Eine sinnliche Balance zwischen Hören und Fühlen abseits der Mainstream-Musik - so soll es in der Konzertreihe zur Sache gehen.

Foto: Muziek Biennale

Vom 6. bis zum 9. Oktober geht die Konzertreihe "Heute: Morgen! Audiovisuelle Konversationen", die die Duisburger Multikünstler Gerhard Stäbler und Kunsu Shim eigens für die diesjährige Muziek Biennale mit insgesamt über 60 Musikveranstaltungen am Niederrhein entwickelt haben. Präsentiert werden vier Tage lang in Düsseldorf, Duisburg, Goch und Venray (NL) Kompositionen und Texte für Solisten und Ensembles von Johannes Brahms, George Brecht, Christopher Hobbs, Ryoji Ikeda, Arnold Marinissen, Heiner Müller, Mayke Nas, Yoko Ono, Piet-Jan van Rossum, Frederic Rzewski, Robert Schumann, Kunsu Shim und Gerhard Stäbler.

Mit dem Spruch "Wer fühlen will, muss hören", hatte einst der Rundfunk für sich und das Radio Werbung gemacht. Ganz in diesem Sinne formuliert Shim den konzeptionellen Hintergrund für das Biennale-Projekt und sagt: "Musik ist die Liebe zum Hören. Sie ermöglicht die sinnliche Balance zwischen Hören und Fühlen. Die Mainstream-Musik von heute ist dazu aber nicht in der Lage. Von daher verfolgt unsere Projektkonzeption das Ziel, heute zu spüren, wie Musik von morgen klingt."

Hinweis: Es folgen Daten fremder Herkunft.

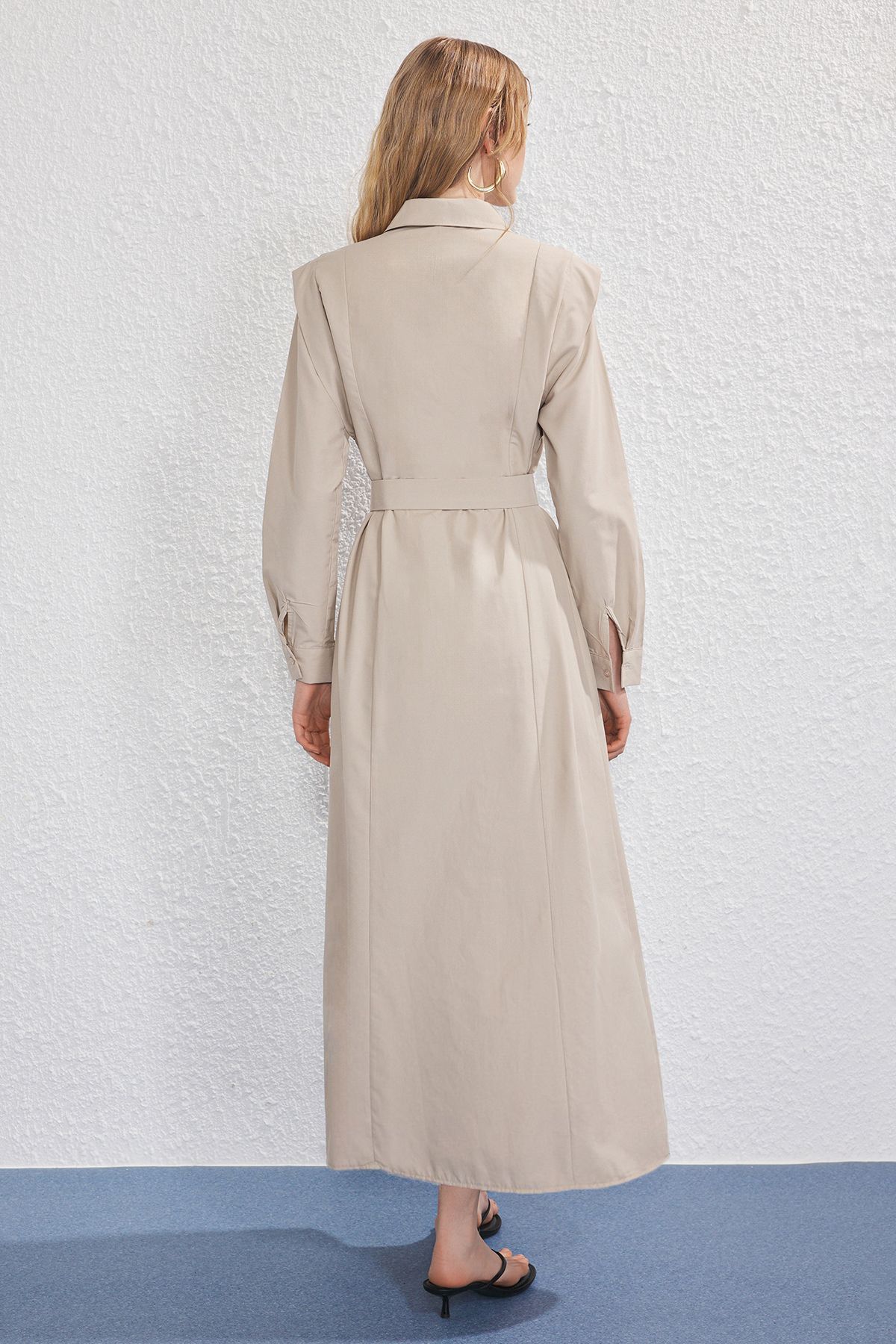 Trendyol Modest-Beigefarbenes Kleid aus gewebter Frottee mit Gürtelschnalle und detailliertem Detail TCTSS25EB00134 4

Stäbler ergänzt das gemeinsame Vorhaben mit den Worten: "Vorausplanungen und die Vorbestimmtheit des Lebens schränken die Freiheit des Menschen allzu oft ein. Beweglichkeit beim Hören und Sehen führen dagegen in aller Regel dazu, offen zu sein, für das, was man nicht kennt. So soll die von uns musikalisch zusammengestellte Konzertreihe mögliche Blockaden bei seinen Zuhörern lösen und Barrieren abbauen helfen. Das zumindest ist unser Ziel." Musik, so Shim weiter, sei aber immer auch ein Beitrag für das Zusammenleben der Menschen, an welchem Ort auch immer. "Deshalb haben wir hier vier gänzlich unterschiedliche Hör-Orte ausgewählt, von denen wir - bis auf einen - alle kennen." Dennoch gingen sie auch dorthin gerne zurück, denn "ein Wiedersehen mit dem Alten, beinhaltet zugleich auch die Chance, Neues sehen zu wollen." (Shim)

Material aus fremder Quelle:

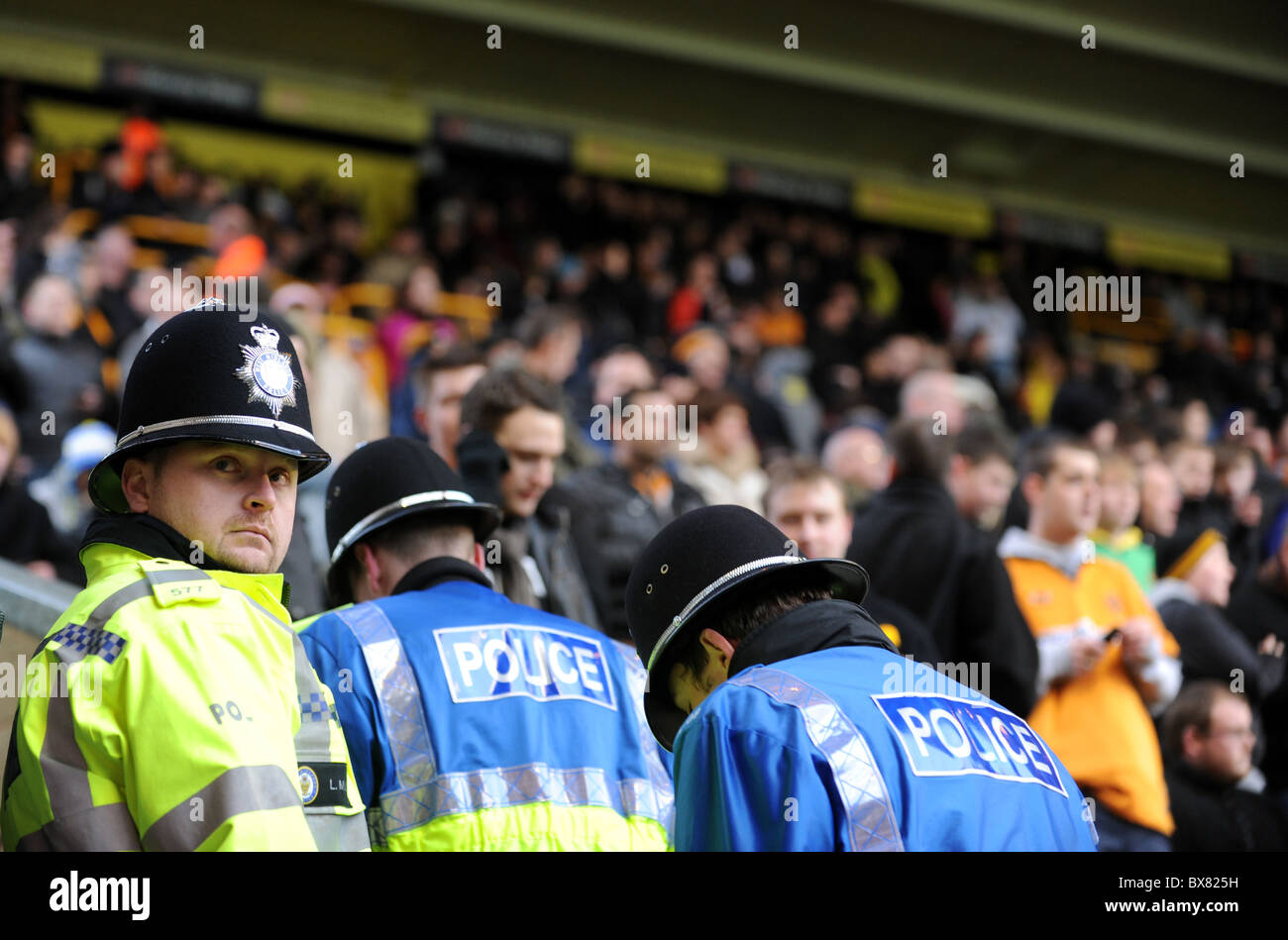 West Midlands funzionari di polizia alla partita di calcio Foto Stock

In Kooperation mit EarPort Duisburg, der Kunstsammlung NRW K20, der Duisburger Kulturkirche Liebfrauen, dem Museum Goch und Odapark in Venray gestalten die beiden Performance-Künstler und Komponisten zusammen mit dem siebenköpfigen niederländischen Performance-Ensemble "Lunatree" aus Amsterdam und dem aus 18 Vocalisten bestehenden "Bach Ensemble Niederrhein" ein vielschichtiges, eine gute Stunde dauerndes Programm, das - abgestimmt auf den jeweiligen Ort - für das Streben nach Neuem und Innovativem steht. Dem Publikum sollen sich dabei nach dem Willen der Veranstalter außergewöhnliche Einblicke in Tendenzen audiovisueller Performance-Musik beidseits der Grenzen eröffnen. Doch nicht nur kompositorische Neuheiten aus diesem und dem vergangenen Jahrhundert werden zu hören sein, sondern auch Musik von gestern, die seinerzeit, wie bei Robert Schumann ("Frühlingsfahrt" und "Rosmarin" für Chor), eine Musik des Aufbruchs, und bei Johannes Brahms ("Wollust" und "Fragen" für Chor), eine der Emotionen, war. Vieles davon hat experimentellen, improvisierten und interaktiven Charakter in Darbietung und Vermittlung. So wird Stäbler bei seiner Komposition "Ausriss. Hymne für ein anderes Land" von 2015 einen Textauszug aus Heiner Müllers 1970 geschriebenen Theaterstück "Mauser" sprechen und das Publikum dabei zugleich einbeziehen. Hierbei handelt es sich um eine harte, hämmernde, stark verdichtete Sprache im frei gehandhabten jambischen Versrhythmus. Die leitmotivisch verwendeten rhetorisch-poetischen Sprachfiguren kehren immer wieder die zentrale Metapher des Gedichts hervor mit dem inhaltlichen Ziel, Unterdrückung zu beseitigen: "Das Gras noch müssen wir ausreißen, damit es grün bleibt."